When you think of classic menswear fabrics, it doesn’t quite get any more classic than tweed. It looks just as good on a lumberjack – classic or urban – as a rugged, outdoorsy coat as it does on a bookish professor as a soft-shouldered blazer, or even on a slick urban professional as a slim well-tailored suit.
SO WHERE DOES TWEED FABRIC COME FROM? AND WHAT IS TWEED, EXACTLY?
Tweed goes back so far that it’s exact origins are little sketchy, especially when it comes to the name itself. My favorite story claims that a Scottish mill contacted a British buyer offering a fabric they described as ‘tweel’ – the Scots term for twill.

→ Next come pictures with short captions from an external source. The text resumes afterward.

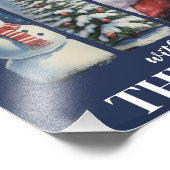 パーソナライズされたクリスマスヴィンテージサンタクロース雪だるま フォトプリント            (角)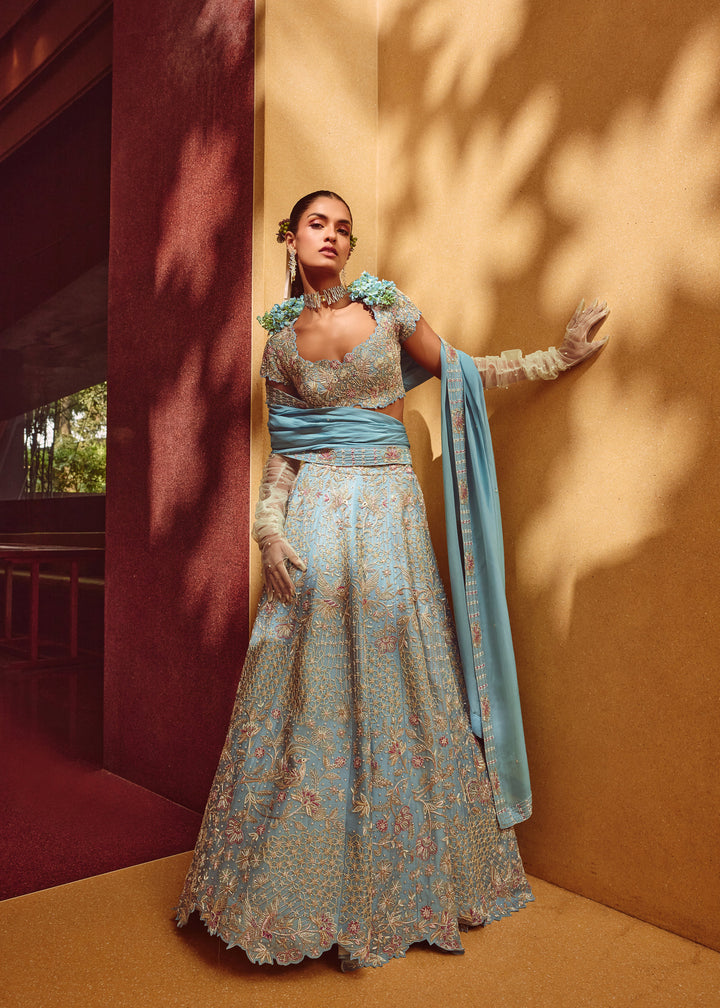 Afsana Blue Lehanga Set
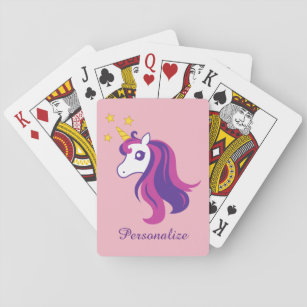Cute personalised unicorn playing cards for girl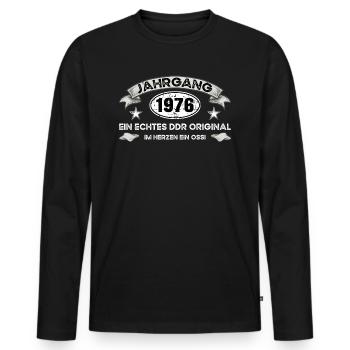 Jahrgang 1976 DDR 45. Geburtstag Ostdeutschland - Männer Premium Bio Langarmshirt - Schwarz - Vorne - Nico (187cm)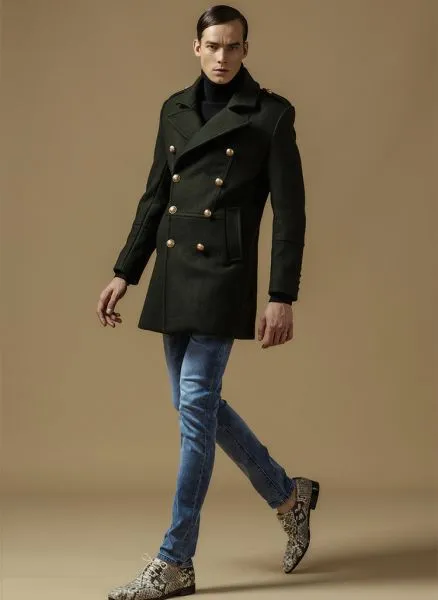 Wool Men's Classic Double-Breasted Officer Coat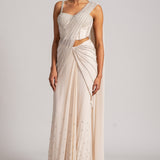 PEARL CASCADE CORSET WITH SLEEK DRAPED SAREE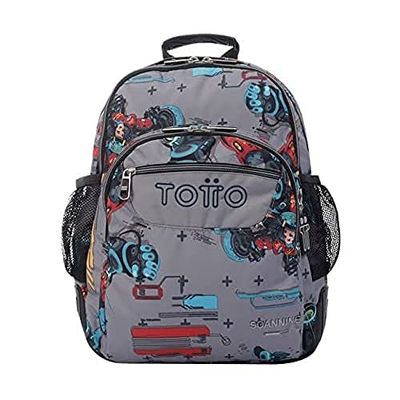 TOTTO Mochila escolar gris con robots - Crayoles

Being the pre-text message 1800s, the inquiry came by hand-written letter, and the merchant mistook ‘tweel’ for ‘tweed,’ which was at the time not a fabric, but the name of a river in Scotland. The buyer ran with the term and voila, ‘tweed’ entered the menswear lexicon for good.
FROM SCOTLAND TO THE WORLD: TWEED USAGE THROUGH HISTORY
As for the use of the fabric itself, things get a little clearer. Tweed was originally hand-woven by the peasants and farmers of Scotland and England and worn to fight the cold and damp climates, as it is characteristically warm and resistant to wind and water.
Eventually, tweed was adopted by the Edwardian elite as a sporting fabric (for the same reasons) for high class activities such as hunting, shooting, riding, and eventually early motorsports. It then became common among the aspiring middle class, who associated the fabric with the pursuits of the wealthy.
Over the years, it’s popularity has waxed and waned, but it’s never disappeared and is going as strong as ever in the age of the modern gentleman.
Unlike most menswear fabrics, tweed isn’t actually defined by a specific weave – in fact, it comes in many weaves, most commonly plain, twill, or herringbone. Instead, it’s defined by its rough woolen texture and its traditionally earthy color palette that comes from mixing yarns of brown, blue, grey and natural coloring.
Today, many companies mass-mill the fabric, but the best tweeds are still hand-woven. While it was once used primarily for jackets and coats, it has become especially known as a popular suiting fabric, but is now woven into gloves, ties, hats, boots, briefcases, trousers and more.
That said, in the eyes of this writer, you can’t get better than a rugged tweed sportcoat cut in classic British style, with casual, country-side details like leather buttons or suede elbow patches, and – if you’re lucky – stamped with the Harris Tweed seal of approval.